Dejó, pues, don Valentín abandonada a su numerosa familia, y para poder subsistir se entregaron todos a la fabricación de rebozos. El hijo mayor era el jefe del taller y el segundo salía a venderlos por el pueblo y las rancherías de los alrededores.
¡Rebozos. . .! ¡ Reeeeboooo zooos . . . finos . . . ! ¡Re . . . bo . . . zoooos ! . . A la puerta de otra casona de vecindad del pueblo, dos comadres se comunicaban las noticias del día, cuando acertó a pasar junto a ellas el rebocero.
—Cómpreme usted un rebozo, doña Concha. . . —¡Adiós! ¿otro? ¡con el que te compré la semana pasada...! ¿para qué quiero dos?
—Pos entonces usted, doña Pomposa. . . —¿Yo? ¿pos no ves que traigo el mío?. . .¡ Pa lo malos y caros que son los tuyos ! . . . —¡Eso sí que no! No hay en todo Jalisco mejores rebozos que los que hacemos en casa, ni más baratos . . . —No; no, ahora no lo necesito.
—Pos entonces me voy, que tengo, que ir muy lejos, al rancho de doña Mariquita, que me va a comprar uno—. Y diciendo y haciendo, el rebocero continuó su camino, seguido por las miradas cariñosas de las dos comadres.
— ¡Has visto a Anacleto, Pomposa. . .! Dime no más; quien lo oye platicar, ni parece, y apenas se sube en un cajón, la labia tan florida que tiene! . . .

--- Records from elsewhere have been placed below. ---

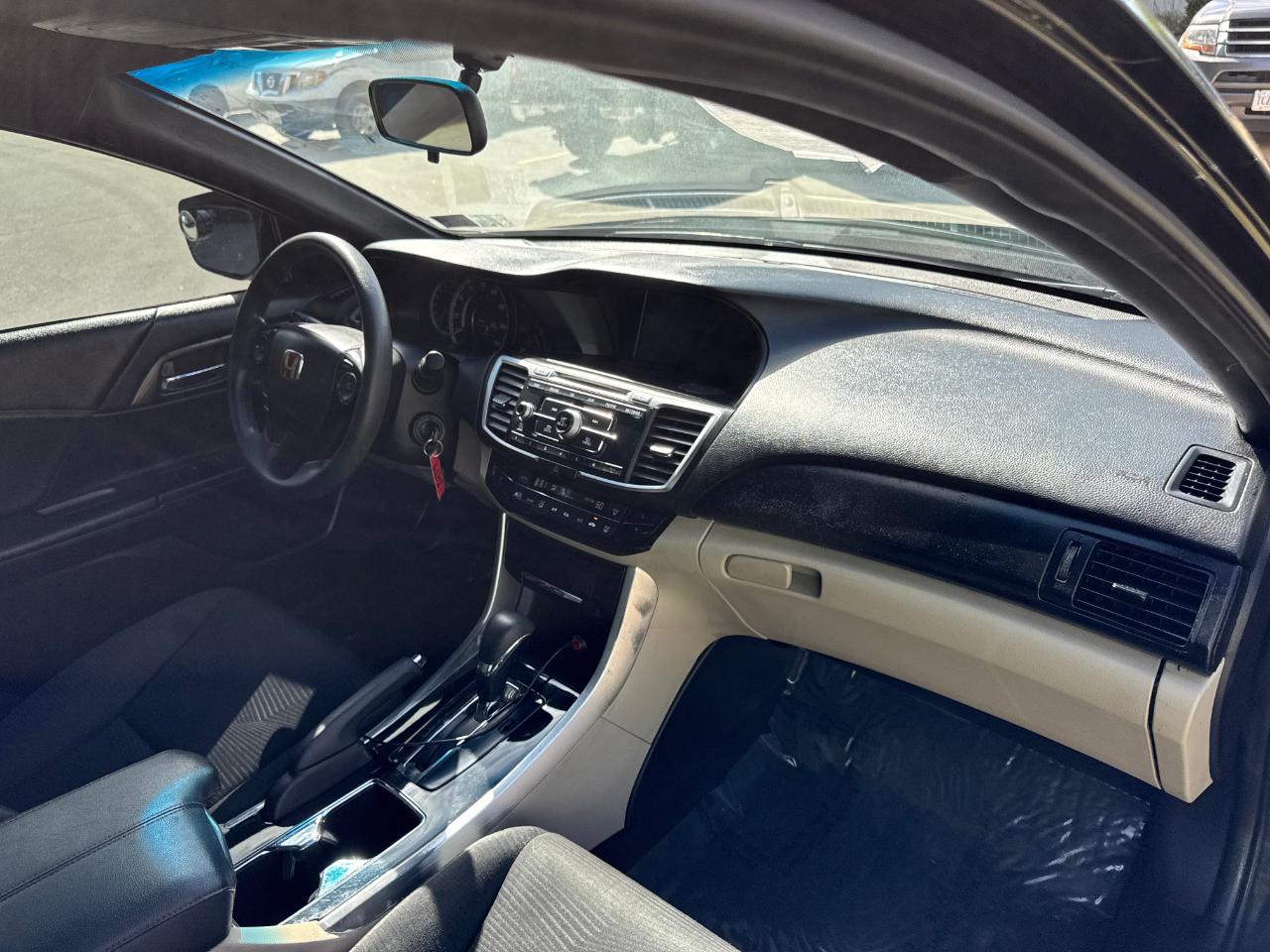 Honda Accord Sedan LX CVT 2017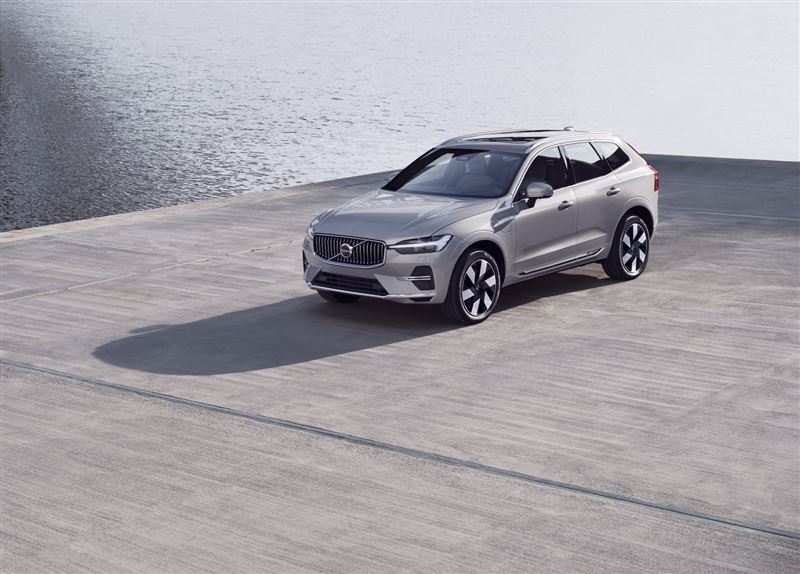VOLVO XC60休旅車。（圖／VOLVO提供）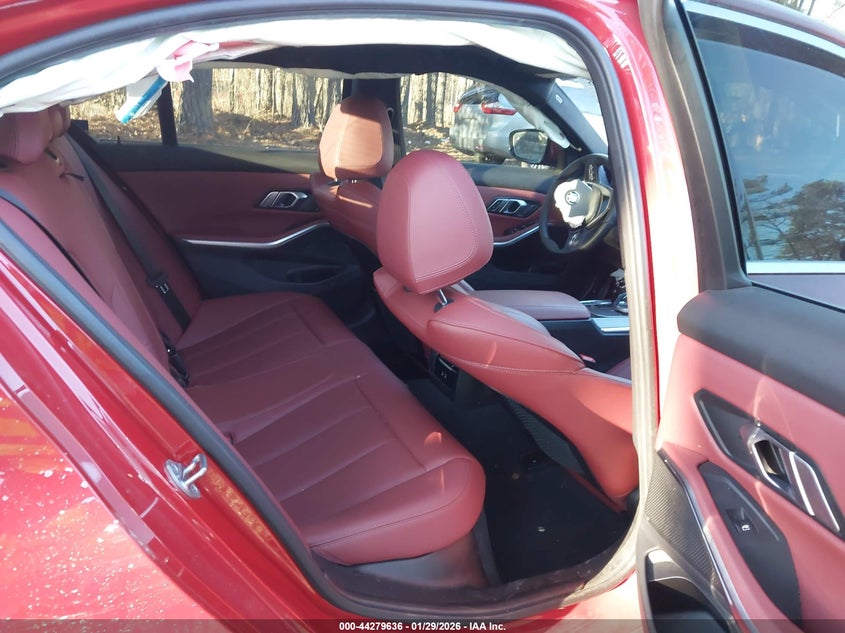 2022 BMW 330I VIN: 3MW5R1J09N8C71326 Lot: 44279636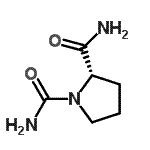 CAS#: 674292-94-5, (2S)-1,2-Pyrrolidinedicarboxamide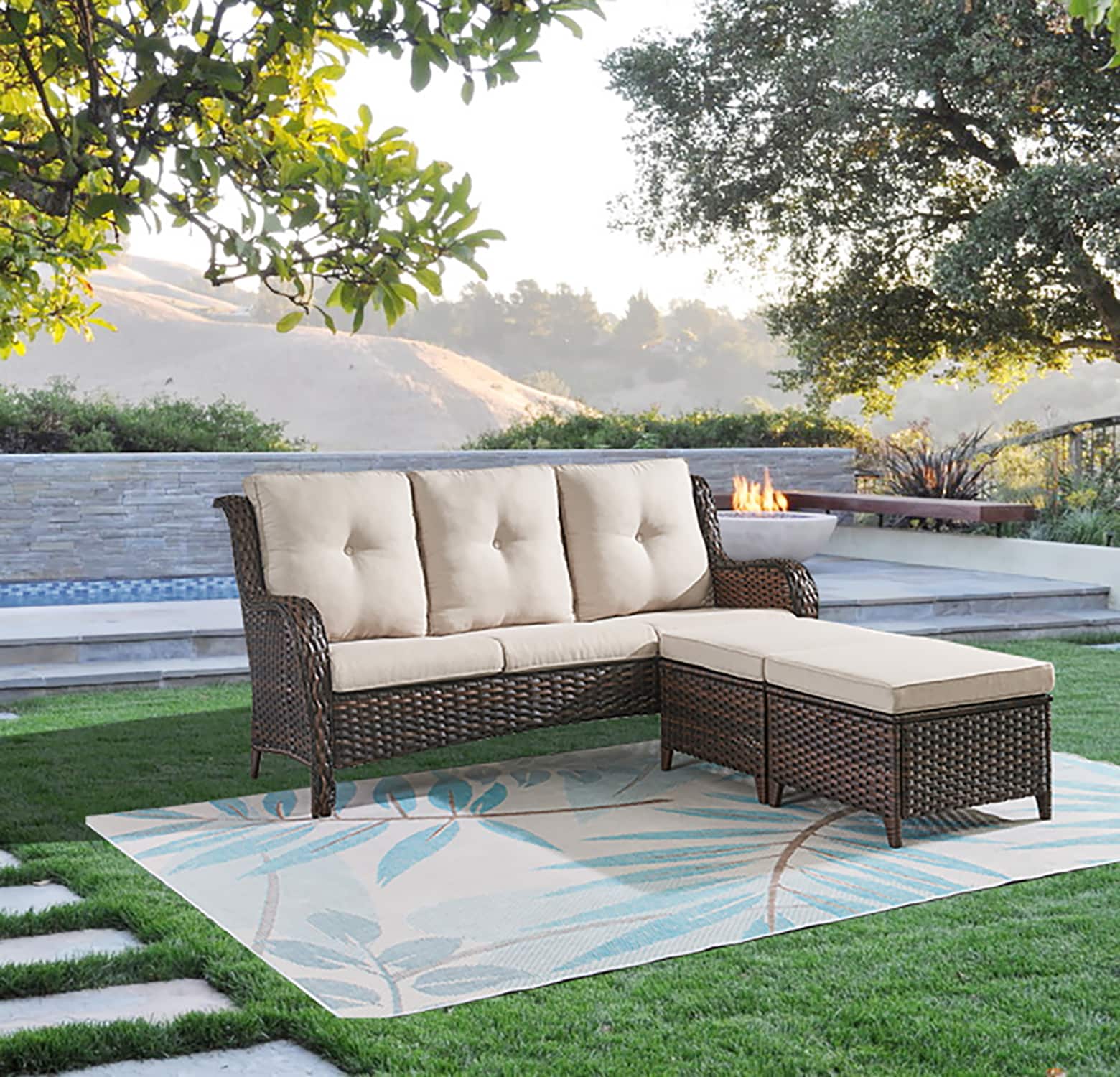 Rilyson FS013014-2 Patio-Sofas-Daybeds - View #3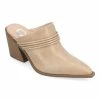 Journee Collection | Taupe Pointed-Toe Jinny Mule - Women -High heel Store zu111141699 main tm1673469973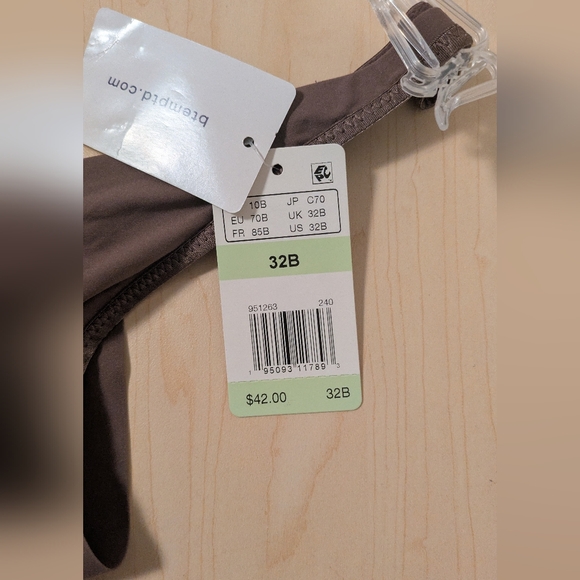 B tempted Women's Brown Bra - Picture 4 of 4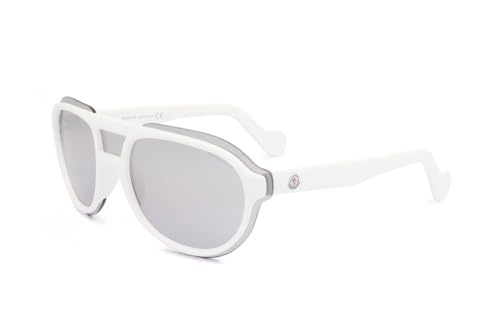 Sonnenbrillen Moncler ML0055 24C WHITE 00/00/ UNISEX von Moncler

Acababa en efecto de pasar el 16 de septiembre, y en el portalillo de la plaza de Tepatitlán, se había celebrado la fiesta cívica de la patria, y el orador oficial había sido aquel muchacho rebocero, aquel Anacleto González Flores, que llegaría a ser una de las figuras más extraordinarias de la Epopeya Cristera y un mártir de Jesucristo.
No se contentaba Anacleto con el trabajo constante, humilde y saludable para el cuerpo. Tenía un alma ardiente y enamorada de ideales más grandes.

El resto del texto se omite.